Thursday, May 19, 2011

NT forgery!

My brother David sends me a link to an article claiming that "half of the New Testament has been forged."

This isn't news, really, and I wrote back to David just now:


Yeah, this is actually not new news. We talked about this sort of thing in religious studies. Many books of the Bible are associated with certain authors, like Paul, but were in fact written by people who belonged to schools of thought that were associated with those figures. So someone in the "Pauline" school might write an epistle, for example, and then dub the epistle as having been "written by Paul." Whether this means the epistle has been "forged" is a matter of debate, I think; attributing a piece of scripture to a prominent figure was a common practice thousands of years ago, and may not have had the taint (from bad intent) that "forgery" has today.

Scripture, as a genre, sits in a murky realm. Is it purely fiction? After all, many of the historical events in the Bible likely never happened, and many biblical figures (e.g., Adam, Eve, Abraham, and Moses) likely never existed. Is the Bible purely a symbolic narrative? If so, then how do we explain the parts of the Bible that do correspond to actual history (many names, dates, and places mentioned in the Bible are, in fact, historical)? It's a difficult question.

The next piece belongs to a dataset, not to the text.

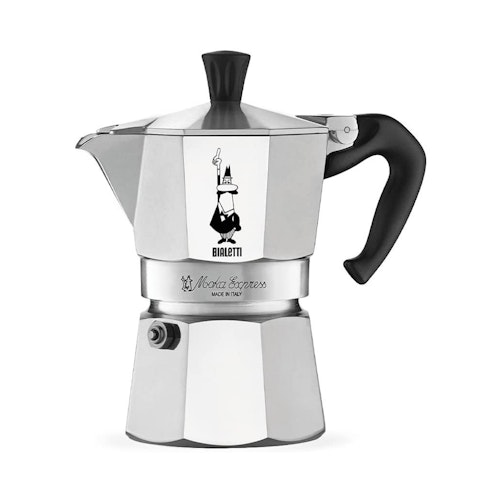 Bialetti Moka Express Aluminium Stovetop Coffee Maker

I could just as easily have noted that the existence of Jesus has long been called into question as well. And had I taken more time in replying, I might also have mentioned the problems with establishing the historicity of much (most) of the Buddha's life, not to mention the lives of many of his spiritual descendants (e.g., Bodhidharma, Hui Neng, et al.). The Apocrypha isn't the only body of work that's apocryphal.



Charles said...

You could also just as easily gone into further detail about how individual authorship was not that widespread a concept before the invention of movable type. This is something I deal with on a daily basis when I tell people that I study classical Korean literature and they ask me who favorite author is, and I have to say, "Well...." It's gotten to the point that I just pick an author to answer their question.

(Oh my God, best word verification word in a long time...

Squennis: (n) tennis played with a hard sponge ball that is soaked in water before each point)

Nathan B. said...

I saw a Reuters article about this, and I thought it ridiculous how sensationalized it was, as if any of this were anything new at all. Pseudonymous writing was widely-practiced at the time of the writing of the NT, and modern scholarship ascertained many decades ago that the NT itself has quite a number of books that are pseudonymously-written. (Pseudonymous writing also exists in the OT, of course, the late book Ecclesiastes being an excellent example.)

Horace Jeffery Hodges said...

I'm strongly opposed to pseudonymous writing.